Furieux de son refus de manger, de mon incapacité à comprendre ce qui peut bien lui arriver, de ce bon moment gâché, je l’empoigne par la taille et descends l’emmener dans sa chambre à coucher : gâcher pour gâcher, au moins il sera reposé et nous pourrons, même s’il ne le permet pas, déjeuner en paix. Bref, je suis sacrément énervé et pas du tout CNV.
Une descente d’escaliers et une profonde inspiration plus loin, je me décide enfin à regarder mon fils au-delà des mots et des cris, au-delà des pleurs, au-delà des gestes de refus, des grimaces, et à voir les pieds et poings lancés comme des S.O.S d’un gamin en détresse.
« Tu es très en colère Titouan ?
- Ouinnnnn !!!! Tape du pied, cogne des mains
- Je ne comprends pas ce qui se passe. Tout allait bien et tout à coup, rien ne va plus…J’aimerais vraiment que nous puissions déjeuner ensemble tous les 4…
- Ouinnnnn !!!!
- (ok, il s’en fout – qu’est-ce que ça peut être son problème à lui ?) - Tu es contrarié parce que Maman et moi nous parlions ensemble et ne faisions pas assez attention à toi ?
- Ouiiiiiiiiiiiiiiiiiiiiiiii !!!!!!
- Et c’est pour ça que tu as arrêté de manger ?
- Ouiiiiiiiiiiiiiiiiiiiiiiii !!!!!!
- Ok, si nous faisons plus attention à toi, tu veux bien revenir manger ?
- Noooonnnnnnnnnnn !!!
- (bon, il y a autre chose, c’est quoi ?) - Tu es en colère parce que Solal était sur les genoux de Maman et que tu crois qu’elle s’occupait plus de lui ?
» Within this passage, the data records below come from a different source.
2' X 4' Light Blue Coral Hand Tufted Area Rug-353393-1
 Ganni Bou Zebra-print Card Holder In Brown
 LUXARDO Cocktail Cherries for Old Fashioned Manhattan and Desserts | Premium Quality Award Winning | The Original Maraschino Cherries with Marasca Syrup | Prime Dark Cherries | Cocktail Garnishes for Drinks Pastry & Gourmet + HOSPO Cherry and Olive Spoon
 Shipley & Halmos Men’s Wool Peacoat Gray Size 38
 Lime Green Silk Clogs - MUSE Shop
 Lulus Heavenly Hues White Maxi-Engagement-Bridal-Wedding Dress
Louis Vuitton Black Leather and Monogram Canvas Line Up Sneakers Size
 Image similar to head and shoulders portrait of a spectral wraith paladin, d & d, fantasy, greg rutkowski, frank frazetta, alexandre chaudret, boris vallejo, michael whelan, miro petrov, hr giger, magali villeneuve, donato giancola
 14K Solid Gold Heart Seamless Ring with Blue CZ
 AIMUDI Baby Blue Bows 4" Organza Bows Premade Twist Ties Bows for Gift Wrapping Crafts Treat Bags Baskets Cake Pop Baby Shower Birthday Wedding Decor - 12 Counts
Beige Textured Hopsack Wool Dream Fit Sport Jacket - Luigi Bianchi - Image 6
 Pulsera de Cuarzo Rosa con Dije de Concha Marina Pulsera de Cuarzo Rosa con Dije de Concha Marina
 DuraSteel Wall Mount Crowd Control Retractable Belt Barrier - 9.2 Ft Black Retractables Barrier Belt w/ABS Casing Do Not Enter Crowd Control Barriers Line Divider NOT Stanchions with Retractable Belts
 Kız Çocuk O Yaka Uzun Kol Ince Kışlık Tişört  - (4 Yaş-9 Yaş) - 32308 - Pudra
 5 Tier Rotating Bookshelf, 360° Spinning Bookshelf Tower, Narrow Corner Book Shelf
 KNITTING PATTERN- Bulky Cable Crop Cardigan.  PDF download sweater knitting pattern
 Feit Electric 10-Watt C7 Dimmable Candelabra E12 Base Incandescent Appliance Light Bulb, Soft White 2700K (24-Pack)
- Ouiiiiiiiiiiiiiiiiiiiiiiii !!!!!!
- Humm…(inspiration et silence d’acceptation) - Alors si par exemple, tu t’installais sur les genoux de Maman pour manger, ça te ferait plaisir ?
- Le sourire radieux arriva bien avant le « oh Oui !!! » claironné. Et oui, même en CNV, les lois de la physique sont préservées : la lumière va plus vite que le son !
Nous sommes remontés finir le déjeuner, Titouan assis sur les genoux de Marie, heureux de savoir qu’à 3 ans passés, il pouvait, l’espace d’un déjeuner, redevenir notre bébé.
Je suis toujours ébahi de voir comme la frontière est ténue entre le rire et les drames, et comme les mots peuvent percer des fenêtres de lumière et faire s’évanouir des murs d’incompréhension, et ce, presque en moins de temps qu’il n’en faut pour les prononcer.
Alors, même si je suis en parti frustré de tous ces moments où les mots ont bâti des murs, je continue à vouloir chercher et trouver ceux qui les feront s’envoler.